### DIRECTIONS FOR THIS TASK
Starting at the line below with "7 Calypso Court, Eatons Hill QLD 4037" and stopping at the line with "2025 BMW Motorrad R 12 S Orange", please print each line exactly, those two included, and skip every picture.

### MATERIAL TO PROCESS
# # #

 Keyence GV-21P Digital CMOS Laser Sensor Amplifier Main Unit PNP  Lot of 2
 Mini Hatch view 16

# # #

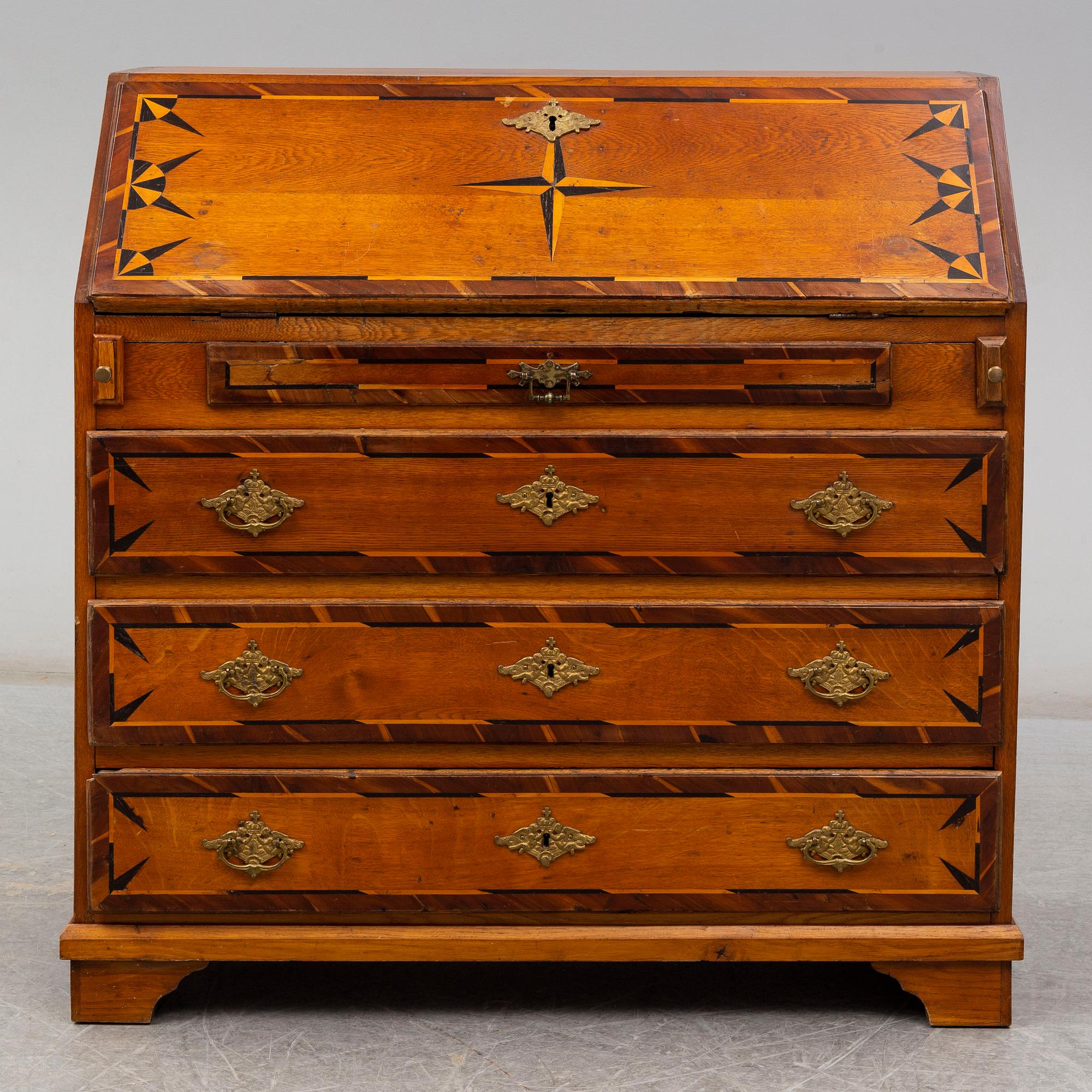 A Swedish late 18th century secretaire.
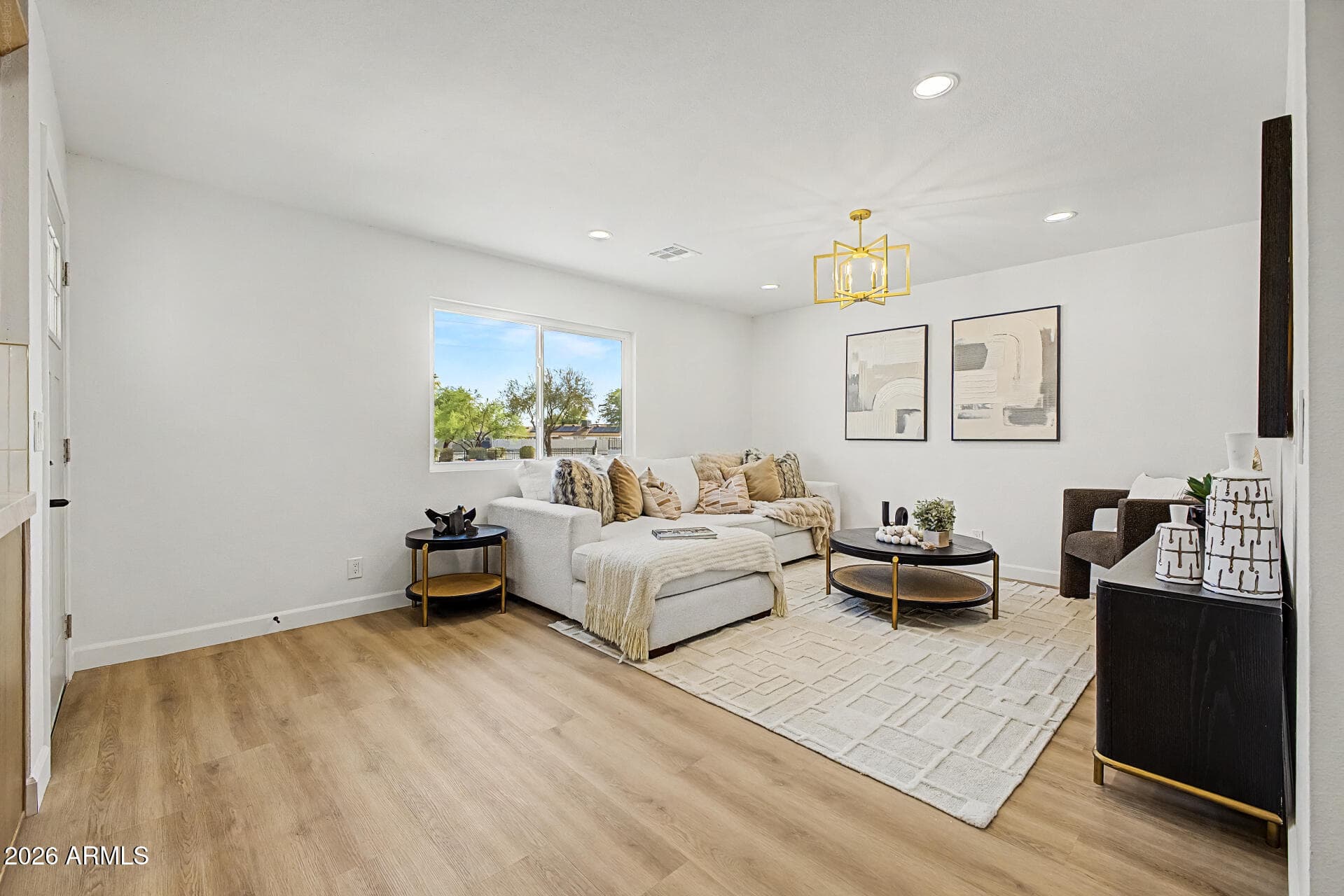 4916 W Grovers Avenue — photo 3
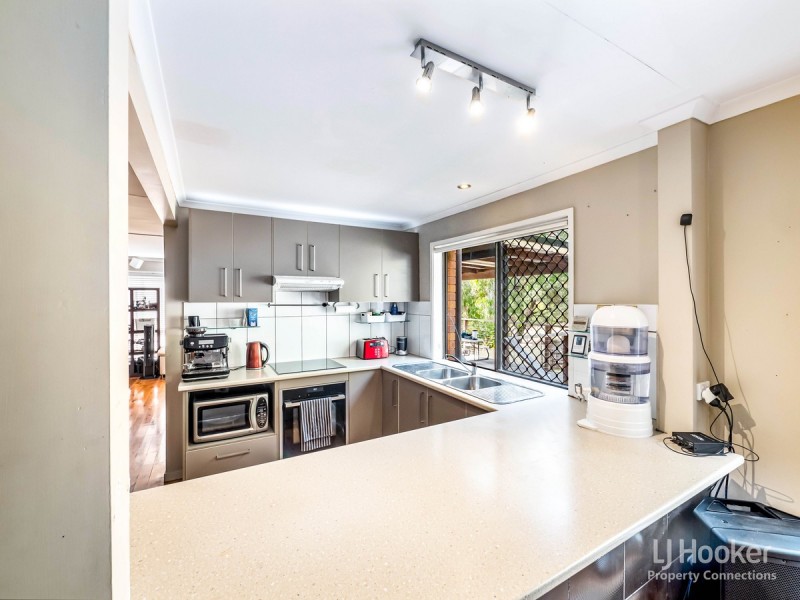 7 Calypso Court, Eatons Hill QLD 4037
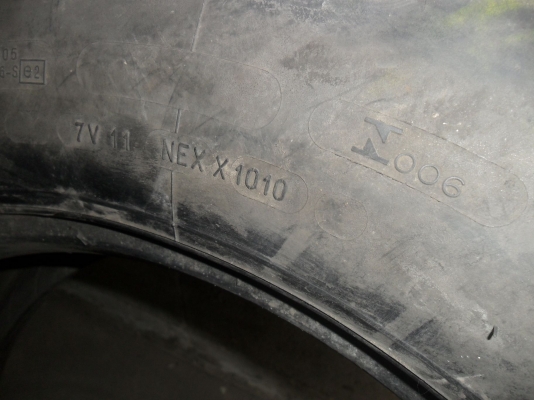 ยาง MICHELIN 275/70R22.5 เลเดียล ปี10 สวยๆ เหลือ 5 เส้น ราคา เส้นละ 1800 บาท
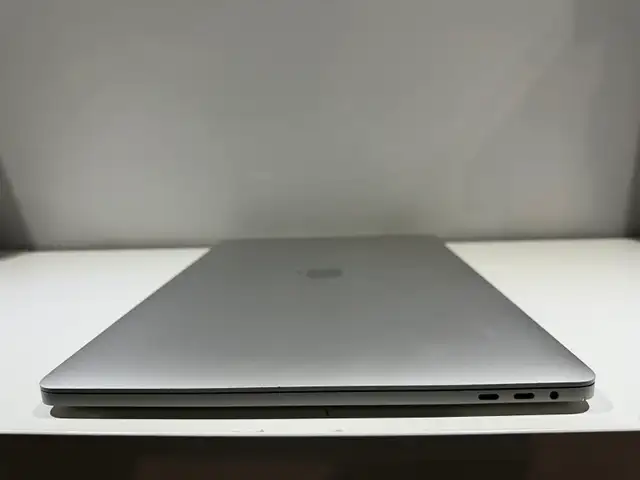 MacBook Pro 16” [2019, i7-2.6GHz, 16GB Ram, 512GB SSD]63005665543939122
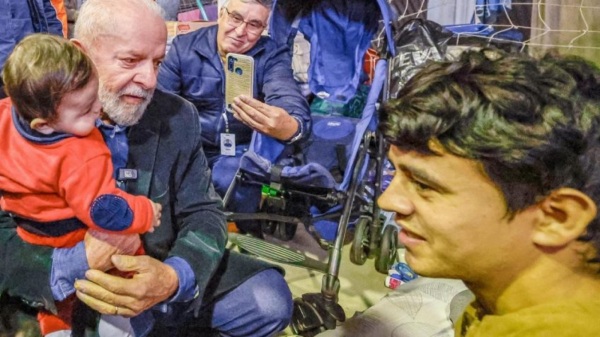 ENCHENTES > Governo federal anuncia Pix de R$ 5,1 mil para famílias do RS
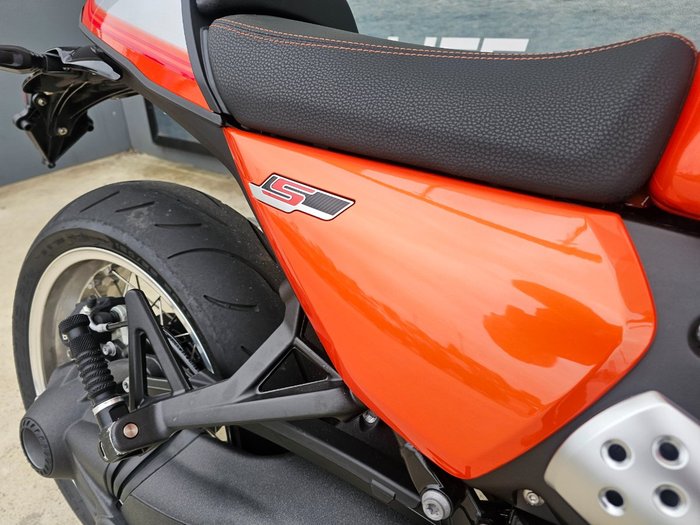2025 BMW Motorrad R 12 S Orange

# # #

### SOLUTION BELOW
 7 Calypso Court, Eatons Hill QLD 4037
 ยาง MICHELIN 275/70R22.5 เลเดียล ปี10 สวยๆ เหลือ 5 เส้น ราคา เส้นละ 1800 บาท
 MacBook Pro 16” [2019, i7-2.6GHz, 16GB Ram, 512GB SSD]63005665543939122
 ENCHENTES > Governo federal anuncia Pix de R$ 5,1 mil para famílias do RS
2025 BMW Motorrad R 12 S Orange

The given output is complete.